Whoever wins the race could tip the balance of power in the Senate.

Waiting Game

A recount would not begin until Nov. 28, an agonizingly long time to wait with so much at stake.

The canvass of Virginia precincts began Wednesday morning. Officials across the state are going over their numbers -- and counting provisional ballots -- to ensure accuracy.

They have seven days -- which started Wednesday -- to complete the canvass, though it usually takes no more than three days, state election experts told ABC News.

After canvassing, all the results go to the state board of elections, which meets on the fourth Monday in November, the 27th, to officially certify the results.

Once they are certified, a candidate may petition for a recount. He or she has 10 days to do so.

Jensen said that no recount petition in recent memory had been denied.

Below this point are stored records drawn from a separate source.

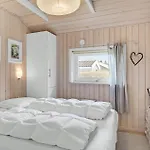 Σπίτι διακοπών Three-bedroom With A Fireplace In Melby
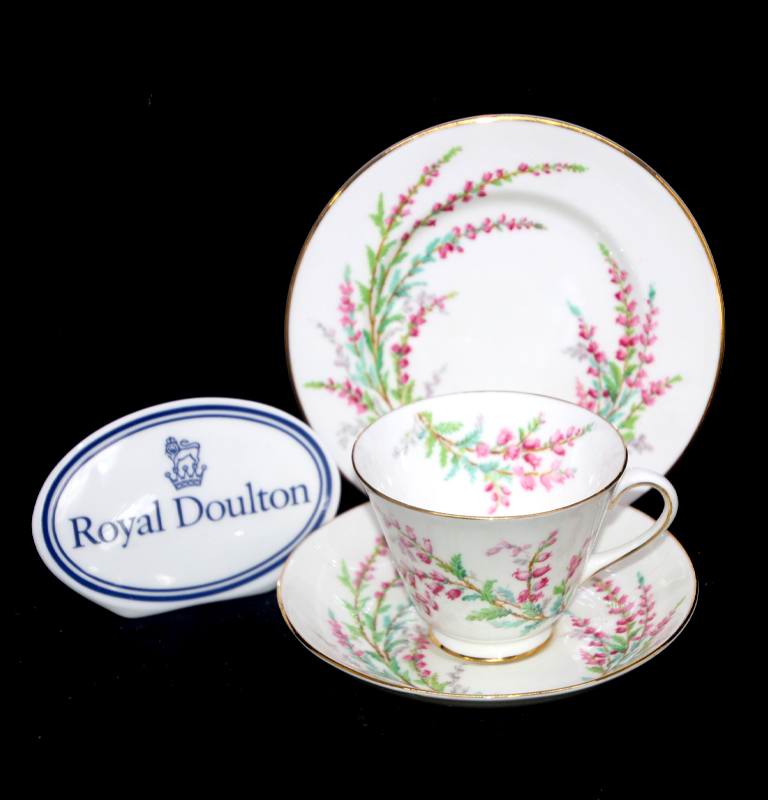 Vintage Royal Doulton Bell Heather Percy Curnock English teacup trio set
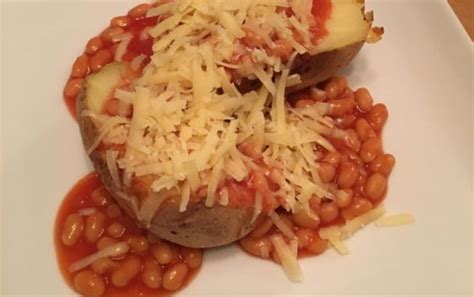 Jacket Potato, Cheese and Beans | SmallerKnickers™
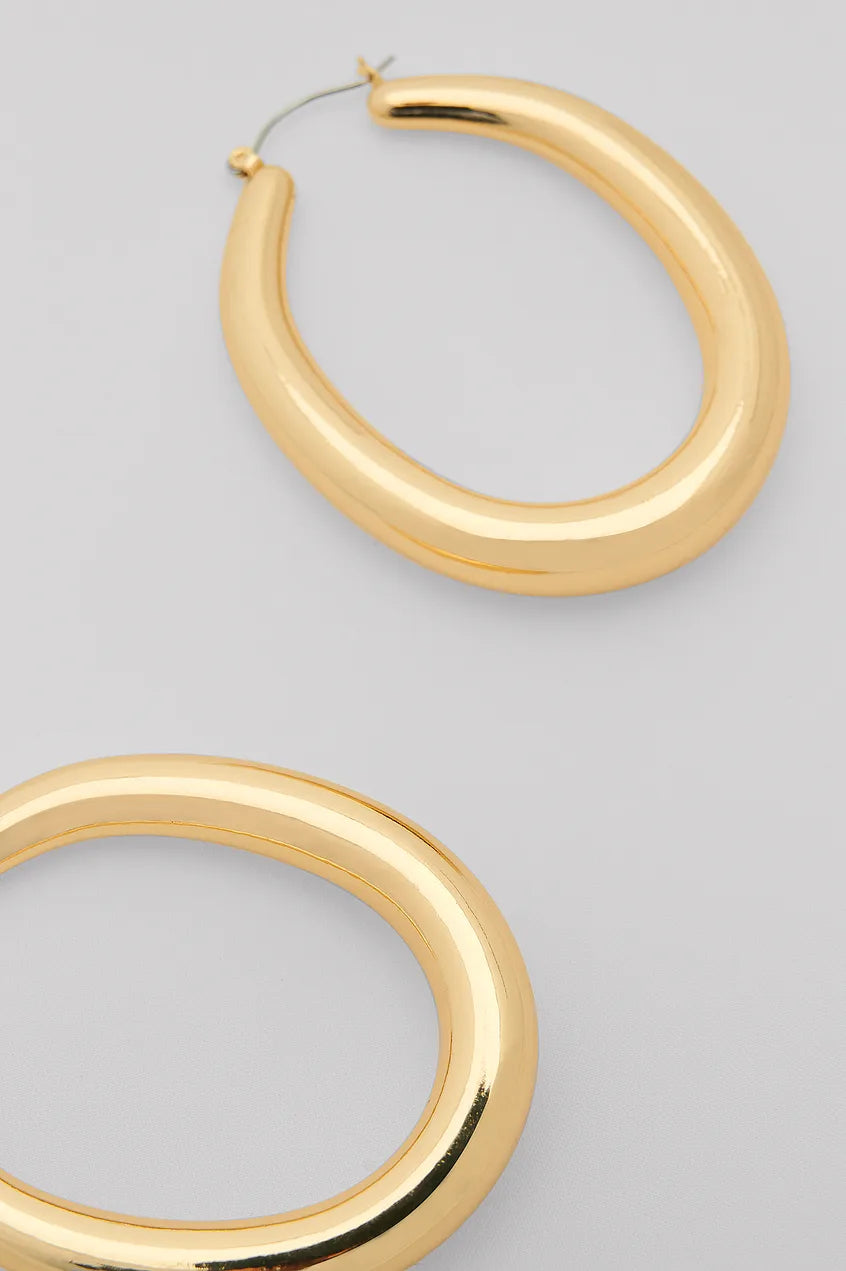 Big Oval Shaped Hoops Gold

The recount would be supervised by a three-judge panel and take two weeks to three weeks, meaning future control of the Senate is not likely to be clarified until mid-December.

It may sound like an enormous amount of work, but both parties have been preparing for eventualities like this.

A team of lawyers and legal volunteers has been in place in virtually every competitive state for weeks -- a lesson learned after 2000.

"I think there are always lessons you can learn from any election," said Danny Diaz, spokesman for the Republican National Committee. "And clearly making sure every legal vote is counted is something that's important to our party and to our country."

Boies had some advice for Virginia's burgeoning election law teams on both sides.

"You want to have enough lawyers to cover every precinct to do your detective work," he said. "What you don't want is so many lawyers that either they begin to trip over themselves or they are so bored they start sitting around and coming up with creative litigation to win the race. You don't want to have lawyers dominate the process. You want to have lawyers help make the process work."